• [Source material]
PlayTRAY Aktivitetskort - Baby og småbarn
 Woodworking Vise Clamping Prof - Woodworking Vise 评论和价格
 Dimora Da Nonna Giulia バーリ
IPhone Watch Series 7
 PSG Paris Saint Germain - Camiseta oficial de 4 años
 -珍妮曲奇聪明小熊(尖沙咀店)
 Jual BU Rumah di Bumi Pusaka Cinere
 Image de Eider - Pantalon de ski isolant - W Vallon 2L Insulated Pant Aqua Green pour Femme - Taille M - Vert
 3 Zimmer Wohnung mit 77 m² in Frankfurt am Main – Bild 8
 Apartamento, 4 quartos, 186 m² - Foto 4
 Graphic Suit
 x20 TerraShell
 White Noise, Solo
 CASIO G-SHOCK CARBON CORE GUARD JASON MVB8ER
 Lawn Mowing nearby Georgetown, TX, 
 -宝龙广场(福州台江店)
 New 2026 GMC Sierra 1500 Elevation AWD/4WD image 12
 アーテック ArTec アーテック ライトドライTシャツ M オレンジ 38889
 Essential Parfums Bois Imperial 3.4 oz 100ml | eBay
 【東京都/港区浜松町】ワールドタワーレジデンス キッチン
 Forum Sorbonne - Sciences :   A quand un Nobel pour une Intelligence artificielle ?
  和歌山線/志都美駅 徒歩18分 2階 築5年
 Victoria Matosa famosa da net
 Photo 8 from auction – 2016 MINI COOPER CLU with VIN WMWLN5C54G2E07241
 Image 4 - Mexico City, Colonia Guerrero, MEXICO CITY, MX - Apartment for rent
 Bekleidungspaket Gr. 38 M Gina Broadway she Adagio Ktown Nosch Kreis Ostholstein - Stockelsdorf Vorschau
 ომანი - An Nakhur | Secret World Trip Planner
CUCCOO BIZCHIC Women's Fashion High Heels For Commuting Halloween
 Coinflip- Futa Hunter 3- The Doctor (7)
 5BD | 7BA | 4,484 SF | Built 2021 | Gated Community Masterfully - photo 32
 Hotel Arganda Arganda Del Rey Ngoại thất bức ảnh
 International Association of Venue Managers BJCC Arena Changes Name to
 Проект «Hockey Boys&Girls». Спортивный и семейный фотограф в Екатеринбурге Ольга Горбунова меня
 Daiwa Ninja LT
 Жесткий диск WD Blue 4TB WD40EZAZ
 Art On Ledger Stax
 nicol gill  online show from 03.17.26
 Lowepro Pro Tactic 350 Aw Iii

• [Action item] The complete set of entries is to be restated word for word.

• [Answer section]
PlayTRAY Aktivitetskort - Baby og småbarn
 Woodworking Vise Clamping Prof - Woodworking Vise 评论和价格
 Dimora Da Nonna Giulia バーリ
IPhone Watch Series 7
 PSG Paris Saint Germain - Camiseta oficial de 4 años
 -珍妮曲奇聪明小熊(尖沙咀店)
 Jual BU Rumah di Bumi Pusaka Cinere
 Image de Eider - Pantalon de ski isolant - W Vallon 2L Insulated Pant Aqua Green pour Femme - Taille M - Vert
 3 Zimmer Wohnung mit 77 m² in Frankfurt am Main – Bild 8
 Apartamento, 4 quartos, 186 m² - Foto 4
 Graphic Suit
 x20 TerraShell
 White Noise, Solo
 CASIO G-SHOCK CARBON CORE GUARD JASON MVB8ER
 Lawn Mowing nearby Georgetown, TX, 
 -宝龙广场(福州台江店)
 New 2026 GMC Sierra 1500 Elevation AWD/4WD image 12
 アーテック ArTec アーテック ライトドライTシャツ M オレンジ 38889
 Essential Parfums Bois Imperial 3.4 oz 100ml | eBay
 【東京都/港区浜松町】ワールドタワーレジデンス キッチン
 Forum Sorbonne - Sciences :   A quand un Nobel pour une Intelligence artificielle ?
  和歌山線/志都美駅 徒歩18分 2階 築5年
 Victoria Matosa famosa da net
 Photo 8 from auction – 2016 MINI COOPER CLU with VIN WMWLN5C54G2E07241
 Image 4 - Mexico City, Colonia Guerrero, MEXICO CITY, MX - Apartment for rent
 Bekleidungspaket Gr. 38 M Gina Broadway she Adagio Ktown Nosch Kreis Ostholstein - Stockelsdorf Vorschau
 ომანი - An Nakhur | Secret World Trip Planner
CUCCOO BIZCHIC Women's Fashion High Heels For Commuting Halloween
 Coinflip- Futa Hunter 3- The Doctor (7)
 5BD | 7BA | 4,484 SF | Built 2021 | Gated Community Masterfully - photo 32
 Hotel Arganda Arganda Del Rey Ngoại thất bức ảnh
 International Association of Venue Managers BJCC Arena Changes Name to
 Проект «Hockey Boys&Girls». Спортивный и семейный фотограф в Екатеринбурге Ольга Горбунова меня
 Daiwa Ninja LT
 Жесткий диск WD Blue 4TB WD40EZAZ
 Art On Ledger Stax
 nicol gill  online show from 03.17.26
 Lowepro Pro Tactic 350 Aw Iii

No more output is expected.